New Rule: Let’s Not Invade the Amazon

Last Monday, Prof. Stephen Walt published a controversial article on his Foreign Policy blog. The title (which he did not choose and has since been changed) was regrettable: “Who Will Invade Brazil to Save the Amazon?” Written as part of the fallout from Brazil’s new (and terrible) deforestation policy, the post asks what exactly should the international community do to prevent states like Brazil from causing irreversible damage to the environment. Walt, in traditional Realist fashion, answers bluntly: “Brazil isn’t a true great power, and threatening it with either economic sanctions or even use of force if it refused to protect the rainforest might be feasible”. While he does not personally recommend this approach, he does conclude that the chances of this happening are “increasing”.

The article has generated a lot of conversation within the Latin American international law community, and especially, of course, in Brazil. The ensuing discussion raised concerns not just on the merits of the article itself (why does the question of expansive criteria for the use of force arise only in cases involving developing nations and what does this say of international law?) but also on the negative impact that the post will have, given Brazil’s political context and history, and what, if any, precautions do experts and academics need to take when writing their articles on this topic. I may tackle the first question in a future post. For now, though, I would like to focus on the second.

You see, judging by Professor Walt’s subsequent comments, he seems to be unaware of a long history of nationalist narratives in Brazil and other Amazonian countries dating as far back as the 1940s – exactly the kind of crowd that current Brazilian President Jair Bolsonaro needs to excite to implement his policies. On a tweet the day after publication addressing the barrage of aggressive replies he received from ultra-nationalist Brazilians, he expressed his hope that “patriotic Brazilians upset by [his] FP piece will read it carefully” and note that he was not recommending use of force nor absolving other top polluters.

This, however, is not the controversy that I – as an environmentally conscious Latin American – would have liked him to address. His article is part of a growing number of studies on how the international community can address the challenges of a global Climate Emergency and how force will increasingly be a topic of conversation to this regard. While well-intentioned by themselves, these studies need to be better aware of the historical background they intend to operate in. The Global South, and Latin America in particular, is incredibly sensitive to Northern paternalism/imperialism, and narratives (even well-intentioned ones) that stoke nationalistic fears may actually contribute to the destruction of the environment, not help save it. This is something that Global North experts need to be aware of if they want to be a positive force for change.  

The most pressing issue is thus not the sensitivities of ultra-nationalist Brazilians (after all, most of them would also support the destruction of the Amazon!), but rather the fact that, by being unaware of local contexts, these studies may end up being used to strengthen Bolsonaro’s deforestation policy by stoking old nationalist fires long held at bay by the success of international cooperation and multilateralism. Framing the issue of environmentalism in the language of force (and its inevitability), while perhaps an interesting thought-experiment, will have very real consequences in Brazil’s almost unimaginably polarized society. Brazil’s national discourse has been plagued by otherwise baseless fears that “the Internationalists are coming” to the Amazon since the 1940s. Turning climate change into a sovereignty issue will only damage an already embattled environmentalist movement.

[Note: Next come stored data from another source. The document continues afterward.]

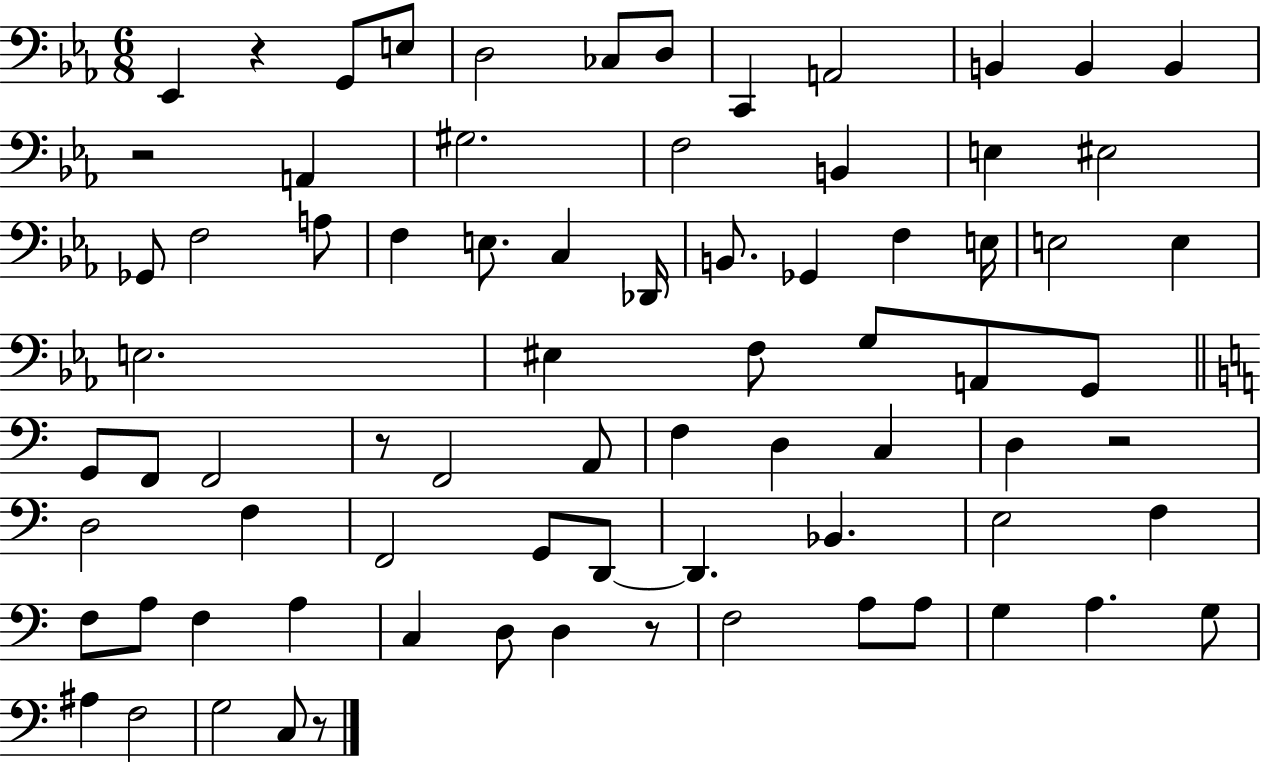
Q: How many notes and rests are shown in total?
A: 77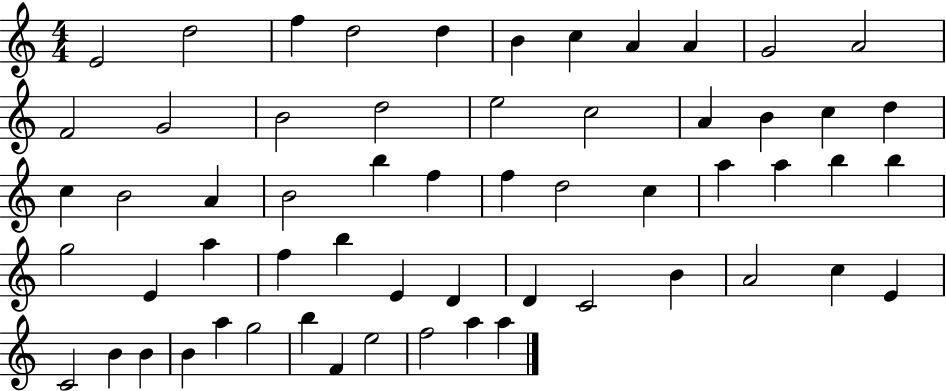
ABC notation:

X:1
T:Untitled
M:4/4
L:1/4
K:C
E2 d2 f d2 d B c A A G2 A2 F2 G2 B2 d2 e2 c2 A B c d c B2 A B2 b f f d2 c a a b b g2 E a f b E D D C2 B A2 c E C2 B B B a g2 b F e2 f2 a a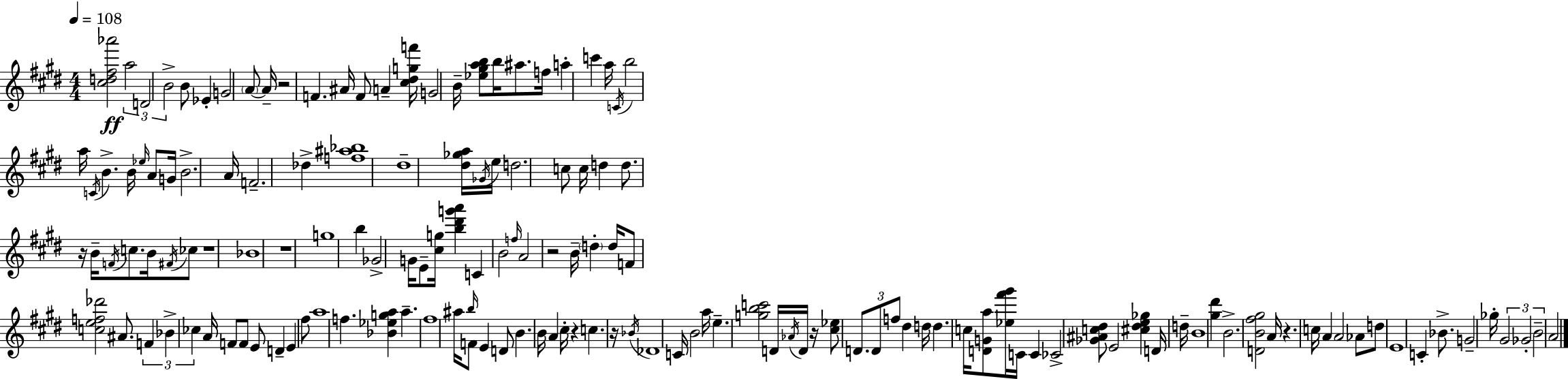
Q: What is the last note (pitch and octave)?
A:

Take, for example, the writings of Arthur Cezar Ferreira Reis, an influential scholar in Brazilian geo-politics and author of the 1970s book “The Amazon and International Greed”. For him, the Amazon’s vast unused land was the perfect place to solve the Global North’s overpopulation, water scarcity and natural resources problems. “The so-called imperialism of strong nations is not an invention of literature” – he says – “it exists, and it did not exhaust its cycle of vitality. It cannot be nor must it be underestimated. Worse, though, is the tendency to internationalize vast swathes of the world, that now is seen as a necessary operation to protect those that do not have where to live or that protest against the hunger that torments them”. For him, then, clear political motivations lie behind any humanitarian concern for the Amazon.

“Now” – he continues – “the great truth is that foreign interest in the Amazon is not reduced to a desire to understand it as an exotic space or as production grounds for any raw material that may complement those that the Orient or Africa export. It is a much livelier interest, that hides other purposes, political purposes, that must be given due consideration, because they spell danger and demand a policy capable of preventing it from generating a new very bitter reality for Brazil”.   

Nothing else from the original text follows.